A first look at a trio of neat new products
That whooshing sound you heard a couple of weeks ago?
That was this year’s GIE+EXPO coming and going in a flash of crowded trade show aisles, rows of shiny iron equipment in just about every color (except pink), and gritty wind-blown soil churned up by “cowboy operators.”
Give a young buck landscaper free rein on a demo utility vehicle or fresh-from-the-factory zero-turn, stand back and watch the grass and dust fly.
And fly it did, especially the first day of the EXPO, Oct. 24, on the 19-acre outdoor demo area at the mammoth Kentucky Exposition Center in Louisville, Ky. Sunny skies pushed temperatures to 80 degrees, giving attendees the best of both worlds; the inside and the outside.
Traffic within the expo center, packed with the largest number of exhibitors it’s had in years, stayed brisk right up to the closing hour. Pre-conference registrations were up 20 percent. Attendees also kept outdoor vendors extremely busy on the opening day of the expo as they sensed the approach of colder temperatures and rain that dampened outdoor demo activity the second day.
So, where do we start with the coverage?
How about at the beginning, the first things we saw, including a major expansion to the line of Caterpillar Mini-Hydraulic Excavators, John Deere’s redesigned QuikTrak stand-on mower and Core Outdoor Power’s line of battery-powered grounds equipment.
Time to stand up
“Commercial landscapers are recognizing the value that stand-on mowers bring to their fleets,” says Steve Wilhelmi, John Deere tactical marketing manager.
Deere’s new QuickTrak offers the shortest design available on the market, and it is also one of the lightest, making it highly maneuverable around obstacles and contours in the turf. Also, it’s easy to trailer, allowing crews to have multiple mowers on a job site.
The QuikTrak is available in two different series: the B Series and R Series.
Caterpillar’s Dave Wood talked up the company’s new line of sub 3-ton mini-excavators. These units can go through the smallest of entrances but pack a lot of digging power and versatility thanks to a variety of work tools.
The B Series features a 22 hp engine with a seven-gauge, fabricated 52-inch fixed deck. The R Series is available with a 22 hp or 23.5 hp engine with 48-, 52- or 61-inch, seven-gauge fabricated floating decks. The R Series also offers a quick height-of-cut adjustment.
Cat expands its mini line
Caterpillar’s Dave Wood, making the trip from England where he lives and works for the global equipment maker, walked editors through the company’s lineup of sub 3-ton mini-excavators. These small workhorses can be used in just about any small space and are becoming increasingly popular with landscape contractors. The smallest of the units is the 300.9D that weighs 2,200 pounds, has a digging depth of 5 feet and can go through an opening no wider than 2 feet, 5 inches. The largest that Wood showed us was the 302.7D, weighing 5,887 pounds, powered with a 20.7 hp Yanmar engine and a digging depth approaching 8 feet. It can go through openings no wider than 3 feet, 2 inches. Also on display were two other models positioned in size and power between the 309D and the 302.7D.

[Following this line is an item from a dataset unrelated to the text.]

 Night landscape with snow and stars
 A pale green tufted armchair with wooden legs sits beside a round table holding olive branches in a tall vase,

“These machines will go into places you wouldn’t take other machines,” said Wood. “And every machine is ready to operate right away.”

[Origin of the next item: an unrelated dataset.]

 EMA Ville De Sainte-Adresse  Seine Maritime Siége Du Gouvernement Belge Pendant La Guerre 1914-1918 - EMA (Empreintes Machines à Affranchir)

Wood stressed the quiet, spacious cabs and ergonomic controls of these machines and the availability of a range of work tools that can be put to task almost immediately thanks to their pin-grabber couplers and quick disconnects. Other features include auto idle and a load-sensing variable pump to optimize fuel efficiency.

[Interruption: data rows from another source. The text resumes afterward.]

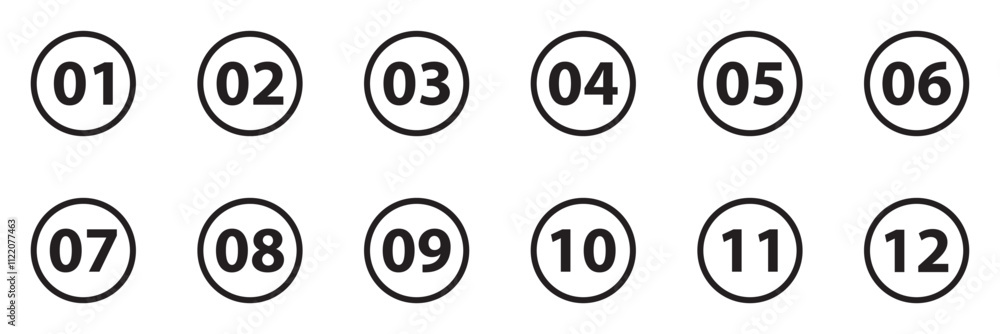 Poster number bullet point from one to twelve. colorful markers. modern flags points. vector illustration.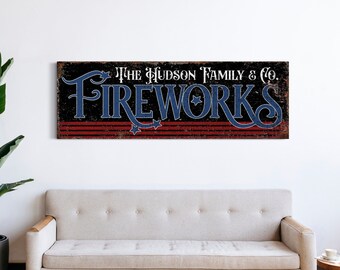 Personalized Fireworks Sign, Custom Family Name Wall Art, Vintage Patriotic Wall Decor, Retro Independence Day Decor, 4th Of July Canvas Art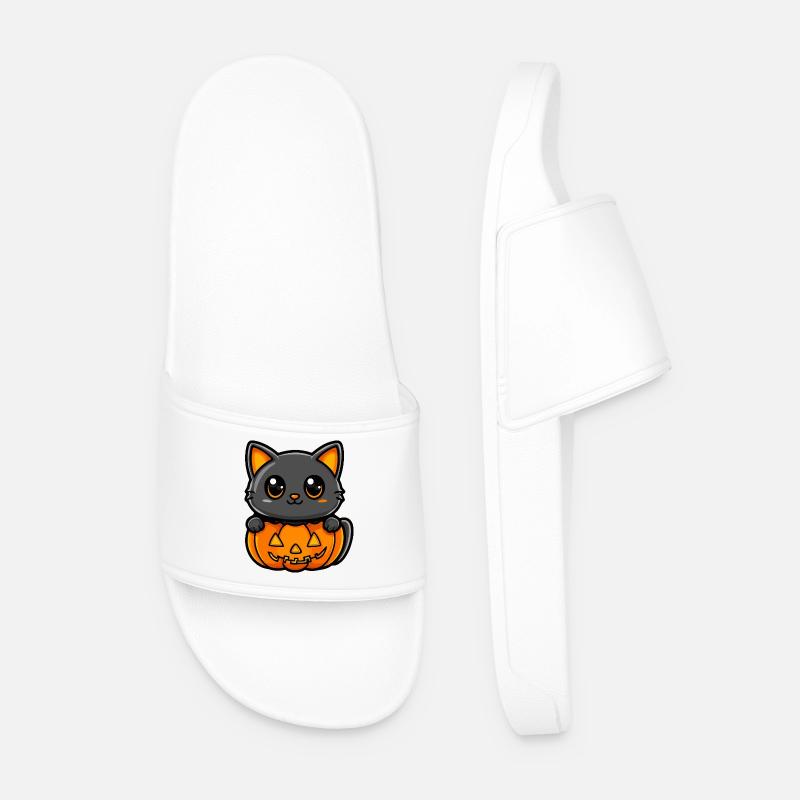 Cat Halloween Cat Comic - Men’s Pool Sliders - white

Core Outdoor Power attracted positive attention at the GIE+EXPO with its line of “Gasless” turf trimmers, hedge trimmers and blowers.
GasLess in L’ville
The issues of emissions, unit weight and noise – especially on sensitive properties such as hospitals, nursing homes and school grounds – are causing a larger number of contractors to investigate electric-powered equipment.
Core Outdoor Power attracted considerable attention at the GIE+EXPO with its line of GasLess CGT400 Trimmers, hedge trimmers, hand-held and backpack blowers. The Montana-based company says it’s coming out with a GasLess self-propelled, walk-behind mower in 2013.
Core Outdoor Power claims its units can compete with gasoline-powered units because of their patented Conductor Optimized Rotary Energy (CORE) technology, which employs a printed circuit board stator to eliminate wire windings and iron laminations found in traditional electric motors. The use of CORE motors enables these units to product a high-torque rotary motion at very high efficiency levels, which leads to longer run times and commercial performance.
“We have dedicated the past several years to perfecting this technology and are confident that it will revolutionize the outdoor power equipment industry,” says company spokesman Mark Bubert.